Fanshuri diam sejenak.
“Hm, kayaknya lebih tepatnya ngasih pandangan lain paling,” kata Fanshuri.
“Memang soal apa sih isi tulisan yang kemarin?” tanya Gus Mut.
“Soal ini Gus,” Fanshuri coba mengingat-ingat, “kemarin ada tulisan yang menyebut kalau bedug digunakan sebagai alat untuk manggil orang salat itu memang bisa digunakan. Soalnya kalau saya tak salah ingat, itu diqiyaskan dari duff, semacam alat musik Arab zaman dulu yang dari kulit binatang. Nah, masalahnya, di tulisan itu menyebut kalau kentongan itu beda. Karena nggak bisa diqiyaskan dengan duff, jadi ya sebaiknya jangan digunakan di masjid-masjid,” jelas Fanshuri.
“Oh iya?” tanya Gus Mut.
“Iya, Gus. Kiai juga kok yang nulis,” kata Fanshuri.

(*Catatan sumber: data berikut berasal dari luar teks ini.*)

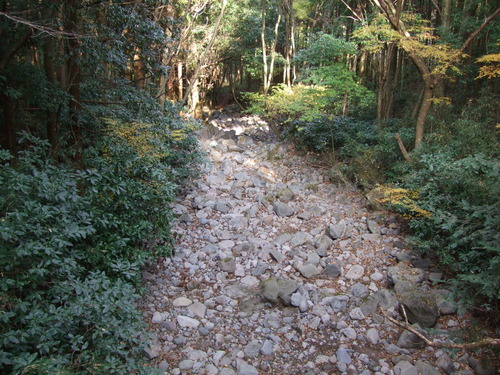 2007_1202¹ä»Ë¾»»Òº§Ìó0140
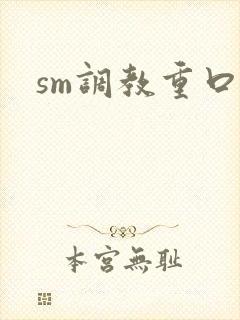 sm调教重口文封面
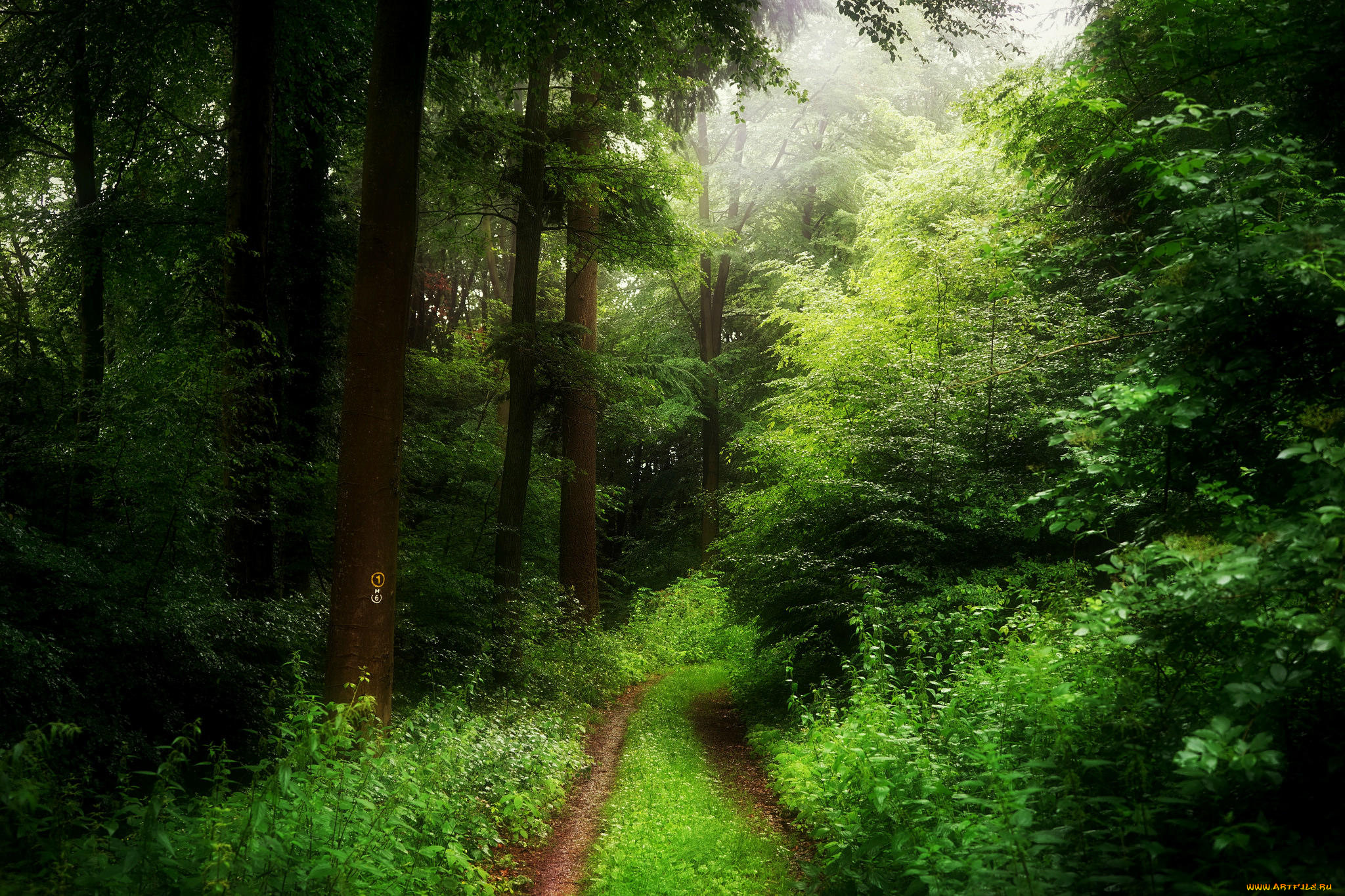 природа, дороги, деревья, лес, весна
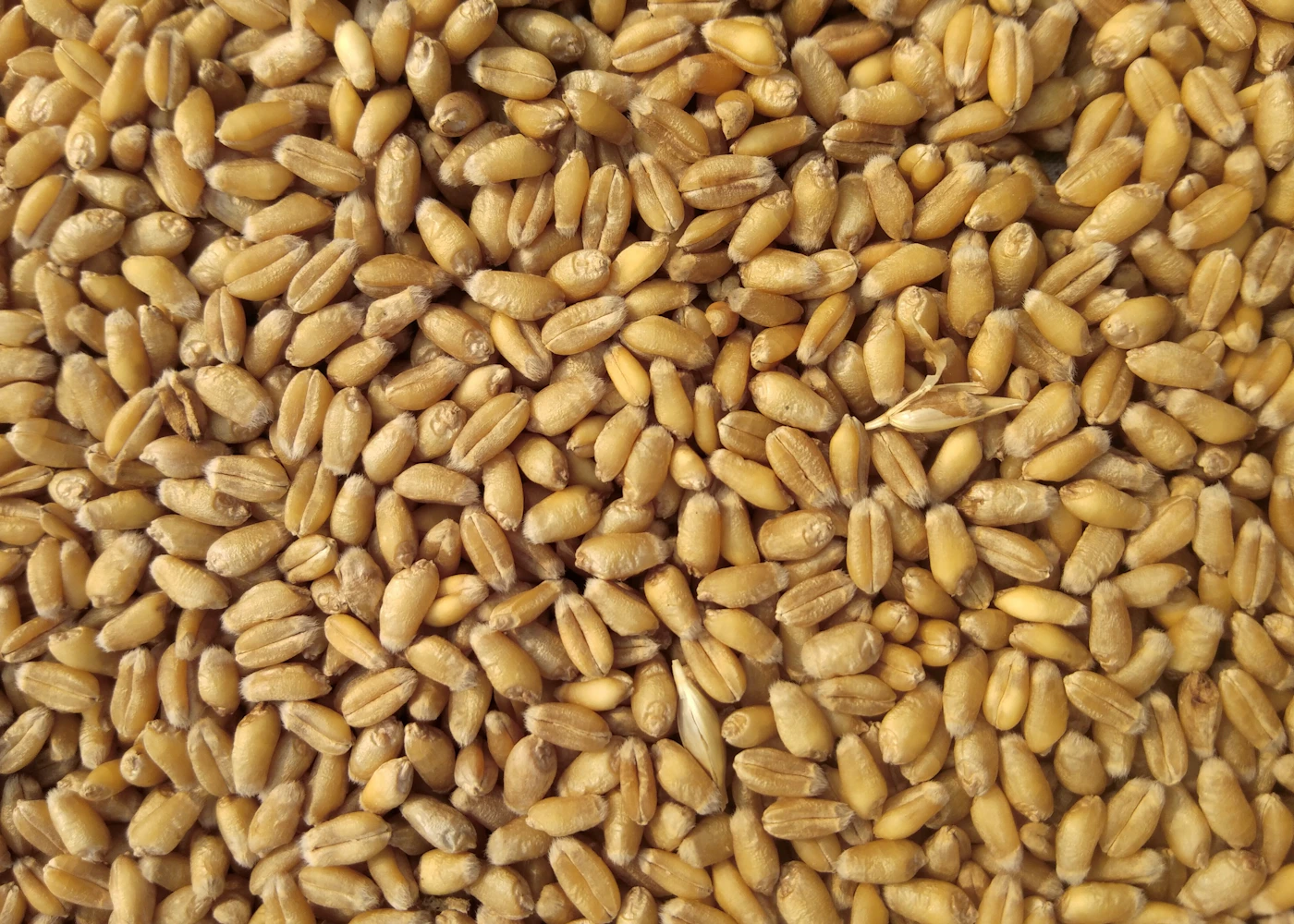 Wheat grains displayed in bulk
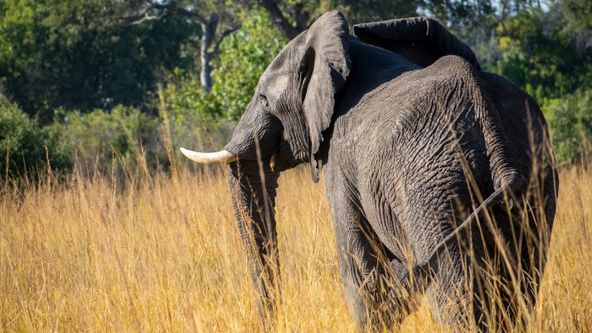 Kolosální zvířata (2)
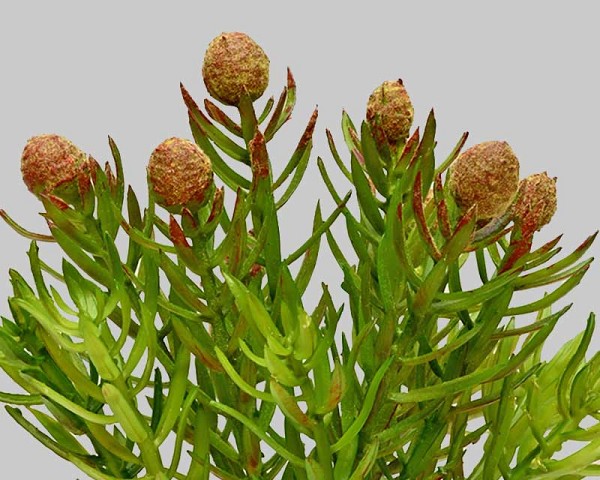 Succulent-3
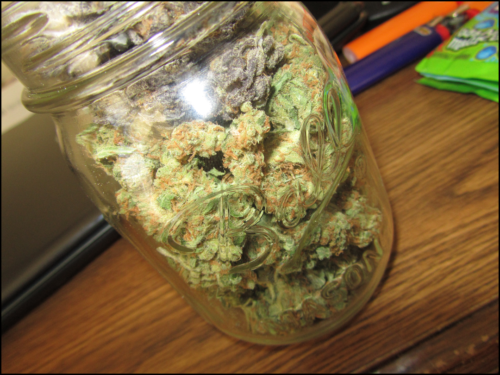 Order Agent Orange (AA) Online Canada - Image 4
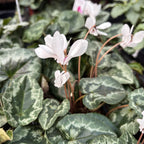 Cyclamen hederifolium ‘Album’ - delicatete de toamna cu flori albe pure si parfum subtil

“Kiai siapa?” tanya Gus Mut lagi, kali ini sambil keluar dari kolam ikannya.
“Kiai Nawawi,” jawab Fanshuri.
“Oalah Kiai Nawawi. Iya beliau emang terkenal sangat hati-hati kalau soal fikih,” kata Gus Mut, “Emang abahku nulis apa yang hari ini?”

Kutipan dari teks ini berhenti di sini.